The company also shared its pricing model for cached prompts, which is significantly cheaper than the base input token price. For instance, writing a prompt to be cached on Claude 3.5 Sonnet will cost $3.75 per 1 million tokens (MTok), but using a cached prompt will cost $0.30 per MTok. The pricing for Claude 3 Haiku and the upcoming Claude 3 Opus was also disclosed. Despite the benefits, AI influencer Simon Willison pointed out that Anthropic’s cache only has a 5-minute lifetime and is refreshed upon each use.
Key takeaways:
- Anthropic has introduced prompt caching on its API, a feature that remembers the context between API calls and allows developers to avoid repeating prompts. This feature is currently available in public beta on Claude 3.5 Sonnet and Claude 3 Haiku.

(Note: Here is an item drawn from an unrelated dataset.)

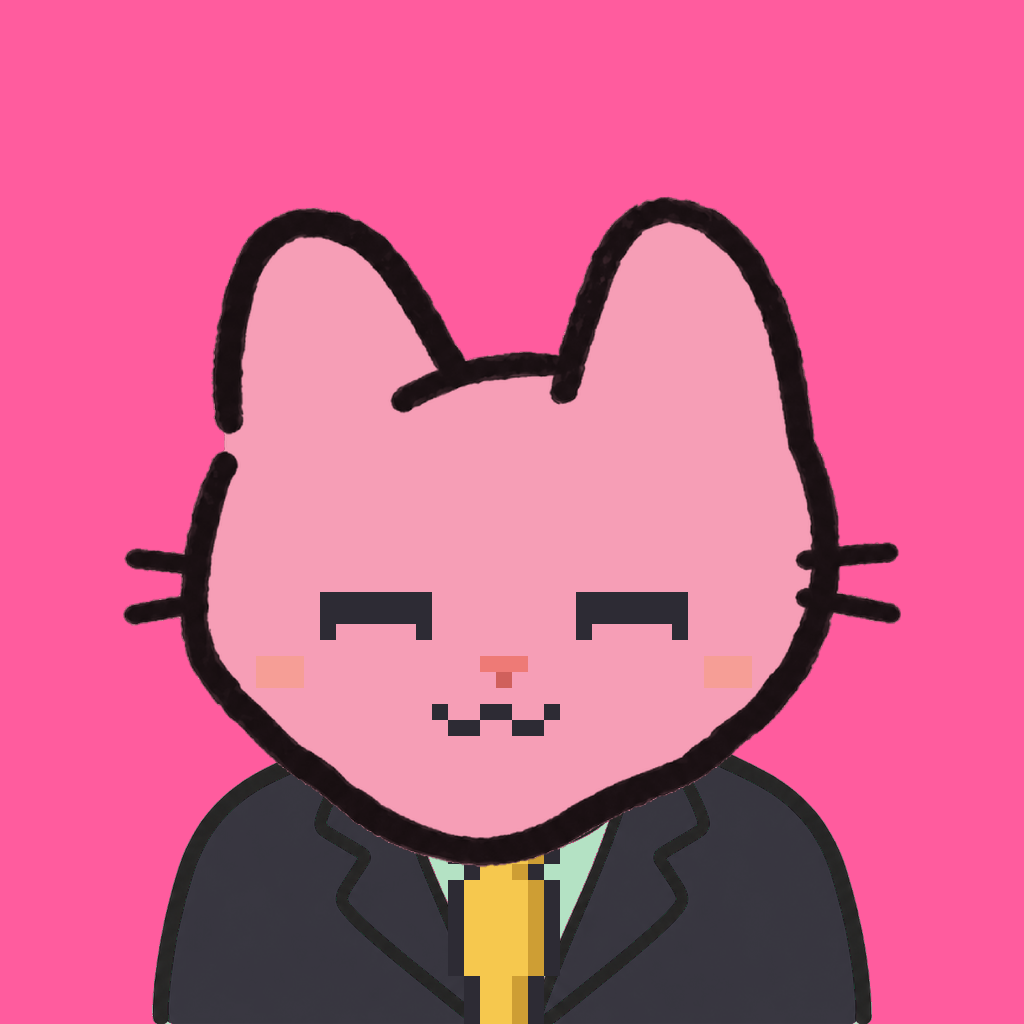 Employee #0622 — a pink cat, in a black suit, with a gold tie, on hot pink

- Prompt caching allows users to keep frequently used contexts in their sessions, enabling them to add additional background information without increasing costs. It also allows developers to better fine-tune model responses.

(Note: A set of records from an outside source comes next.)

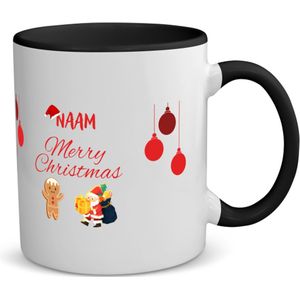Akyol - kerst mok merry christmas met eigen naam koffiemok - theemok - zwart - Kerstmis - kerst beker - winter mok - kerst mokken - christmas mug - kerst cadeau - 350 ML inhoud
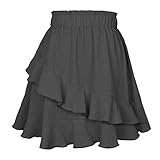 Falda básica de verano para mujer, color negro, para Navidad, Halloween, día de San Patricio, día de San Valentín, luna de miel, boda, día de Oktober, vacaciones, día de la madre, trabajo casual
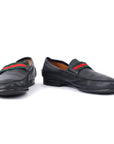 Black Leather Frederik Web Loafers EU- 44.5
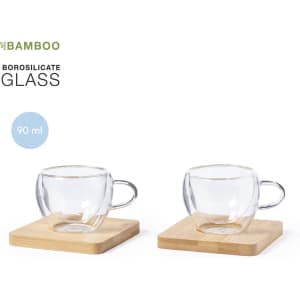 A set of two clear borosilicate glass mugs with bamboo coasters, each holding 90 ml, featuring a sleek design.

- One advantage of caching prompts is lower prices per token. For example, for Claude 3.5 Sonnet, writing a prompt to be cached will cost $3.75 per 1 million tokens (MTok), but using a cached prompt will cost $0.30 per MTok.
- Other platforms offer a version of prompt caching, but it's not the same as large language model memory. For example, OpenAI’s GPT-4o offers a memory where the model remembers preferences or details, but it does not store the actual prompts and responses like prompt caching.